And in addition (to make the whole thing work) I’ll add this:

/ip route rule
add action=lookup-only-in-table dst-address=10.42.0.0/16 table=main

However, I still don’t quite understand what this rule does?
I am especially baffled about the “table=main” part…
Could you explain please?

Btw, I have seen other examples where they use chain input, output or forward… looks a lot more complex. I’d like to keep things simple, as long as it works.

Btw, I do have another rule in my setup:

/ip route rule
add action=lookup src-address=[IP-WAN2]/32 table=WAN-2

This rule is supposed to make sure that all communication with the router (ping, winbox and sstp) will send their packets back out on WAN-2, if being accessed from WAN-2. If it works, I am not entirely sure…

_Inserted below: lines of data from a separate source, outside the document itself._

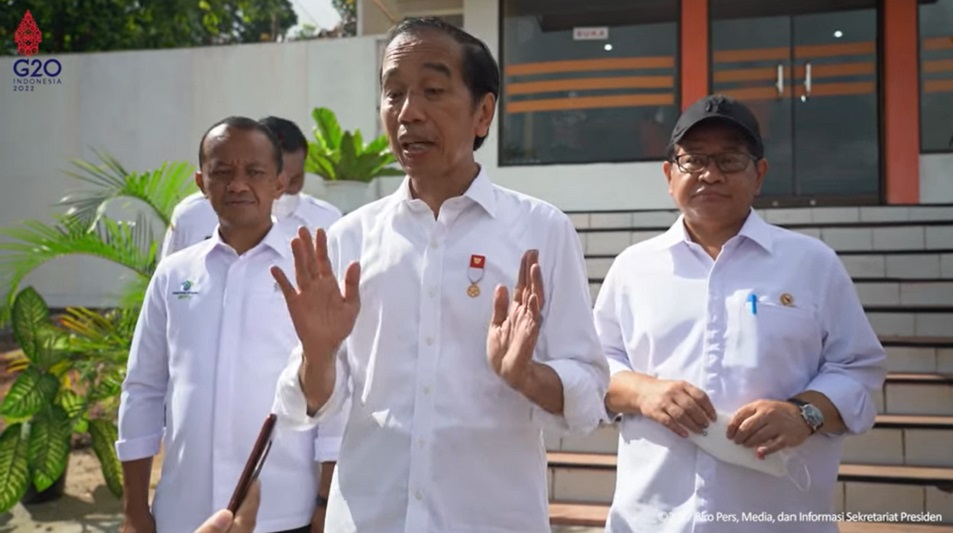 Presiden Jokowi akan terima hitung-hitungan harga BBM hari ini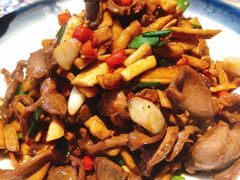 干萝卜鸡杂-美庐时尚餐厅(菱角湖店)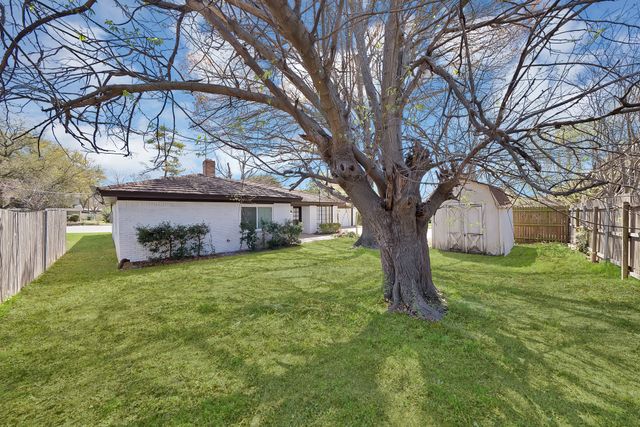 6758 Cartagena Court, Fort Worth, TX 76133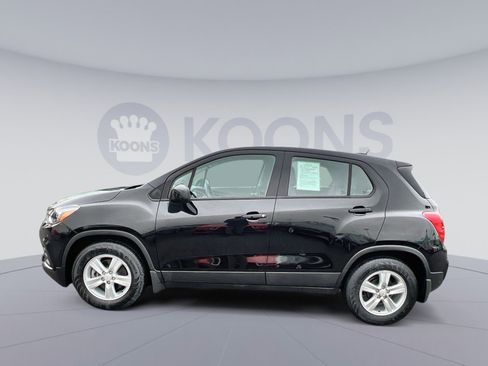 Used 2020 Chevrolet Trax LS w/ LPO, Protection Package FWD image 2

Ok you both, imagine packet from internet coming to your public address. It’s going to port 80 and you have dstnat rule for that, to send it to your internal webserver. Dstnat happens in prerouting. It’s dstnat chain in RouterOS, but like prerouting, it happens before a routing decision is made. So it changes destination of packet to e.g. 10.42.0.20:80. And because it’s incoming connection, it already got marked with connection mark. Now the route marking rule will kick in and mark routing for this packet, i.e. set the mark to WAN-2, which means that routing table WAN-2 should be used to find out where the packet should go to. And this routing table looks like this:

/ip route
add comment=WAN-2 distance=2 gateway=[gateway-ip-WAN-2] routing-mark=WAN-2

Now think as router. Where will you send packet to 10.42.0.20? To gateway-ip-WAN-2, of course, because that’s the only possible route in this table. And that’s why you need the routing rule (or exception in mangle rules, to not mark routing for incoming packets).

Why “main”? Because that’s the default routing table. If you do:

/ip route print detail

then all entries without routing-mark= mean the same as routing-mark=main. And dynamic connected route to 10.42.0.0/16 is one of them.

The other routing rule you posted can only work for traffic from router itself. Not for forwarded ports, because reply packets for those go from 10.42.x.x. Srcnat later changes source to address on WAN port, but it’s after the routing was already decided.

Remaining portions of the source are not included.